Watches for suspicious activity: file integrity changes, sensitive file access, outbound network connections, and suspicious processes.

"Monitor my skills"

vext-firewall — Policy Firewall

Defines per-skill network and file access policies with default-deny allowlists.

"Allow weather-lookup to access api.open-meteo.com"
"Show firewall rules"

vext-dashboard — Security Dashboard

Aggregates data from all VEXT Shield components into a single security posture report.

"Security dashboard"

Running Individual Skills

python3 skills/vext-scan/scan.py --all
python3 skills/vext-audit/audit.py
python3 skills/vext-redteam/redteam.py --skill-dir /path/to/skill
python3 skills/vext-monitor/monitor.py
python3 skills/vext-firewall/firewall.py list
python3 skills/vext-dashboard/dashboard.py

Rules

Target skill files are never modified — sandbox executes against a temporary copy
Report all findings honestly without minimizing severity
VEXT Shield itself makes zero network requests
Save all reports locally to ~/.openclaw/vext-shield/reports/
Treat every skill as potentially hostile during scanning

Safety & Sandbox Isolation

VEXT Shield requires OS-level sandbox isolation to execute untrusted code.
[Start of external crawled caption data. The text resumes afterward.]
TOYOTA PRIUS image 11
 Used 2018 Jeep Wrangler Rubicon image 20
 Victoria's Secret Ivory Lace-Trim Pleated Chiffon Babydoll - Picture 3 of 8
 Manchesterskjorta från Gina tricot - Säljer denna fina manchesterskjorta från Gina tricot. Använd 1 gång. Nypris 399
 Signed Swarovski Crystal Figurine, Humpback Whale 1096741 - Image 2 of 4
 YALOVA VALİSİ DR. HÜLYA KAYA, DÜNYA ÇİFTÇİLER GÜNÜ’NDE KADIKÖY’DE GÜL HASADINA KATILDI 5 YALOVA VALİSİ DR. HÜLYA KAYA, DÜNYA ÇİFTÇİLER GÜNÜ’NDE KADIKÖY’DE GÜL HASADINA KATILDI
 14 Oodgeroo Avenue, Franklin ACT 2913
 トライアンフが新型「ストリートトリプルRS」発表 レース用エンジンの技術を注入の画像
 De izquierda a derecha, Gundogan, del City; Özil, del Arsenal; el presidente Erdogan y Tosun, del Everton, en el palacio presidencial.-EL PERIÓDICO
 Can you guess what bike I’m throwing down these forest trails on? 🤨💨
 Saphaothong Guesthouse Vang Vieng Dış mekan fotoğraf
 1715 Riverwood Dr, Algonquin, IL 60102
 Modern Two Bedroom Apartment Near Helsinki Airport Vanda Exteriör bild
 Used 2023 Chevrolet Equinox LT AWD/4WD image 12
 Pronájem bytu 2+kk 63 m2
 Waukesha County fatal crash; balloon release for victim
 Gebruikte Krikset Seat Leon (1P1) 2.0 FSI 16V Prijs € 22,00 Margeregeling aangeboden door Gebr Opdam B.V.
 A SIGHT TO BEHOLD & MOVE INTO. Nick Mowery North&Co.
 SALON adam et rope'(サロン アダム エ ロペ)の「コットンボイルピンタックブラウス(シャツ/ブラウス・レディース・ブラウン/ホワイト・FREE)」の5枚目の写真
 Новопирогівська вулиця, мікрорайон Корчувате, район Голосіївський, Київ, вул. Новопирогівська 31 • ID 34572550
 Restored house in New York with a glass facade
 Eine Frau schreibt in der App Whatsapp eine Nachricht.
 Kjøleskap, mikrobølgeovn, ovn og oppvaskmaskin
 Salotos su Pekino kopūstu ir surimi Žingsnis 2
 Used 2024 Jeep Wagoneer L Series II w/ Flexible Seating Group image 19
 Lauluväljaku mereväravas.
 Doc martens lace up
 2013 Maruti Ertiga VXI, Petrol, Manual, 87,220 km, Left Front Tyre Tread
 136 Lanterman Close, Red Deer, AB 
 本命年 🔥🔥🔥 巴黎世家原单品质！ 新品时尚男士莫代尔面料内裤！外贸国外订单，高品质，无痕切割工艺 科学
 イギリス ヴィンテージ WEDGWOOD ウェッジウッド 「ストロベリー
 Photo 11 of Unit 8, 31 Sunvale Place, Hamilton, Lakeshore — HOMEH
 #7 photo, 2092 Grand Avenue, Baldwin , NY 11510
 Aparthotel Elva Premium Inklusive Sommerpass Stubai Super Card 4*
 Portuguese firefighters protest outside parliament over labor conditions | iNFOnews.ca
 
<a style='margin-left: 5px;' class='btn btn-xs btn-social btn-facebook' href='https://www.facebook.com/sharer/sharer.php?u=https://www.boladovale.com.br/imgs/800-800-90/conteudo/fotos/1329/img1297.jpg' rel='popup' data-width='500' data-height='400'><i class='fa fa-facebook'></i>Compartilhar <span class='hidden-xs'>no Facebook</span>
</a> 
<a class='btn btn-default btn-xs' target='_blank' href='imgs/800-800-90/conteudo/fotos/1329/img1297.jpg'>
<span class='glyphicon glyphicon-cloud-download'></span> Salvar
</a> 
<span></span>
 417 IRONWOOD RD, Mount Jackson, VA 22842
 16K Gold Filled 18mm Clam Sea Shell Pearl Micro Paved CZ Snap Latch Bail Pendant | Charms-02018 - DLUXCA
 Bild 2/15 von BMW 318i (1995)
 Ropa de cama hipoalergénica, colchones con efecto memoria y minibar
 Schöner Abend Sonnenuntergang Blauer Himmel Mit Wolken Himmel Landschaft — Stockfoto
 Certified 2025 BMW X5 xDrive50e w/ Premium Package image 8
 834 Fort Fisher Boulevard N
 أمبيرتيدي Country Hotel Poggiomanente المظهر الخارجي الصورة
If kernel-level sandboxing is not available, execution is refused — there is no unsafe fallback.

Sandbox enforcement:

Platform	Network	Filesystem	Method
macOS	Blocked at kernel	Write-restricted to temp only	`sandbox-exec` deny-network profile
Linux	Blocked at kernel	Write-restricted to temp only	`unshare --net` network namespace
Other	Execution refused	Execution refused	No fallback — will not run untrusted code

All executions include:

Target executed in a temporary copy (original skill directory is never modified)
HOME overridden to temp directory (prevents writes to ~/.openclaw, ~/.ssh, etc.)
Sensitive env vars stripped (API keys, tokens, AWS/SSH/GitHub credentials)
PATH restricted to system directories only
30-second timeout with process kill
Post-execution file snapshot diffing to detect any changes

No bypass options exist. There is no --skip-sandbox flag, no --no-sandbox flag, no require_full_isolation parameter, and no weaker fallback mode in the codebase. The SandboxRunner class accepts only timeout_seconds — isolation is unconditional. If OS-level sandboxing is unavailable, execution raises an error. Sandbox behavioral tests always run with OS-level enforcement.